L’opacité du fonctionnement du ministère de l’Intérieur, véritable État dans l’État, et l’existence de sphères d’influence en son sein ont éclaté au grand jour avec l’éviction de Farhat Rajhi.
Sous cette apparence républicaine, elle laisse entendre qu’elle va revoir son mode de fonctionnement et réclamer un cadre juridique clair pour ses interventions. On annonce la fin de la police politique. Le ministère de l’Intérieur va jusqu’à ouvrir ses sous-sols au public pour proclamer la fin de la torture et de l’omerta. Un livre blanc proposant une restructuration des corps sécuritaires est élaboré sous le gouvernement de Béji Caïd Essebsi. Un programme portant sur la réforme de la législation en matière de sécurité, encadré par le Centre pour le contrôle démocratique des forces armées (DCAF, basé à Genève), est approuvé. L’intention semblait être sincère, et pourtant, aujourd’hui, aucune de ces mesures n’a été appliquée et les projets n’ont pas avancé d’un iota. « Il manque une vraie volonté politique. Le gouvernement atermoie sous prétexte qu’il est provisoire. Rien n’a changé, ni sur le plan des mentalités ni sur celui des infrastructures, regrette Abdessatar Ben Moussa, président de la Ligue tunisienne des droits de l’homme. La seule différence [avec l’ère Ben Ali], c’est que la société civile, l’opposition et les médias peuvent faire pression. »
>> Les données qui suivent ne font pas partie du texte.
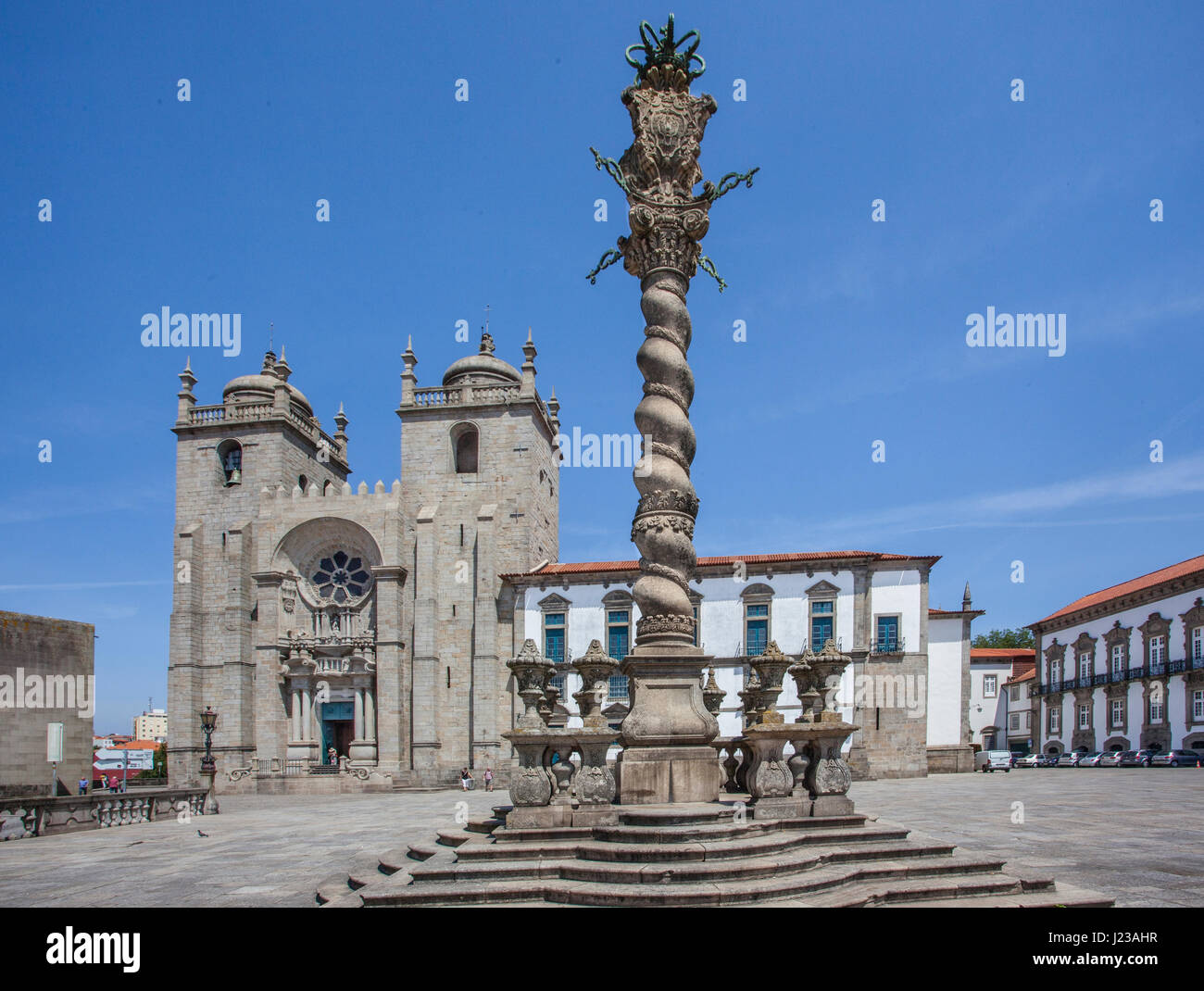 Il Portogallo, Regione Norte, Porto, Pelourinho do Porto a Terreiro da sé, la piazza della cattedrale di Porto Foto Stock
Manifestation de soutien à la jeune femme violée le 29 septembre, à Tunis.
© Hichem
Banditisme
Instrument de répression et de contrôle sous Ben Ali, et avant lui sous Bourguiba, l’appareil policier continue donc de fonctionner selon le même système – le seul qu’il ait jamais connu. L’arrivée au pouvoir des islamistes, eux-mêmes persécutés par l’ancien régime, n’a pas changé la donne. Au contraire : alors que les actes de délinquance et de banditisme sont en nette augmentation, les forces de police semblent essentiellement se concentrer sur l’instauration d’un nouvel ordre moral qui, sous le couvert d’un contrôle des moeurs, attente aux libertés individuelles, en particulier à celles des femmes.
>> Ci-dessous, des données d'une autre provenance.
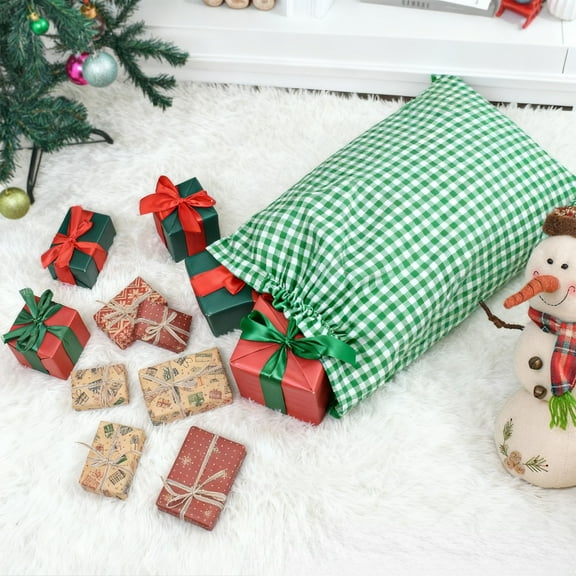 Mecorevxz Christmas Storage Bags,27.56"x17.69" Christmas Plaid Cloth Gift Bags with Drawstrings,Reusable Large Christmas Gift Bags Knitted Wrapping Sacks Cloth Pouches for Xmas Decor(Green)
Depuis la répression brutale d’une manifestation pacifique le 9 avril dernier, une autre fracture est apparue entre la police et la population. Celle-ci dénonce désormais une politique du deux poids, deux mesures. Constatant que les salafistes violents ne sont pas inquiétés, elle s’interroge sur les rapports qu’entretiennent les milices islamistes avec la police. Et, aussi, sur la formation et les consignes qui ont été données aux 3 000 recrues engagées depuis le mois de mai.
S’il est certain que la Tunisie doit s’atteler au chantier complexe de la réforme de sa police, les dérives de cette dernière – qui semblent plus fréquentes car elles sont aujourd’hui ouvertement dénoncées – demeurent le fait d’une minorité. Elles n’en remettent pas moins en question le contrat de confiance qui devrait, dans un cadre démocratique, lier la police et les citoyens. Dans un pays en quête de stabilité et dont l’image extérieure est largement écornée, l’enjeu est énorme.